All in all, the Harta site is a busy one. Those of you who are geopolitically inclined may have determined that the Harta plant is in the former East Germany (a.k.a., German Democratic Republic). The present plant site was established in 1922. In 1948 the then—existing business was nationalized and became part of the VEM-Elektrokleinmotoren-und Geratewerk. After the reunification of the country, Pierburg acquired the facility and began operations in the 18,500 m2 site (10,000 m2 of which are production and office areas) in January, 1992. Since then, the company has made an investment infusion of some 37 million DM to make what was a moribund facility a vital one.

According to Dr. Joachim Schmidt, head of R&D, Electronic & Electric, Pierburg, "There were skilled and well-educated engineers here in Harta. Their problem had been that if they needed a particular material—such as bronze for bearings—they couldn't get it." This state of affairs has been rectified by Pierburg, and now these people have the tools they need to do world-class work.

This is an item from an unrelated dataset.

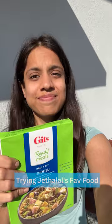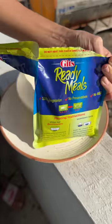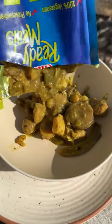Chita ji's favourite undhiu — let's try it! Going to eat undhiu puri. The instructions are super simple: open it and microwave it for 2 minutes. But the best part is Mata ji!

The plant is undergoing a rolling refurbishment. Crews are moving through, cleaning, painting, and relighting the workshops. New equipment is being installed. The electrical motor line for the secondary air pumps, for example, includes up-to-date flexible assembly systems built by Zihlmann, a Swiss firm, and Axis, an Italian company. The line produces two sizes—42 and 58 mm—with a third size (31 mm) coming. It has a capacity of 1.25 million assemblies per year; it operates in a random, or mixed, mode.

The Axis nonsynchronous line for fuel pump rotor assembly is fully automatic. If it was running for three shifts (it currently operates for two), it would produce some 2.4 million assemblies per year.

The intake manifold assembly line is a semiautomatic array built by Rettinger-Prazisions-Anglen, a Munich-based company. Its three-shift capacity is 270,000 units per year.

Given that the customers for the Harta plant includes Audi, BMW, Opel, and Mercedes, it is clear that the people in the former GDR are extremely capable of competing with anyone given the right infrastructure.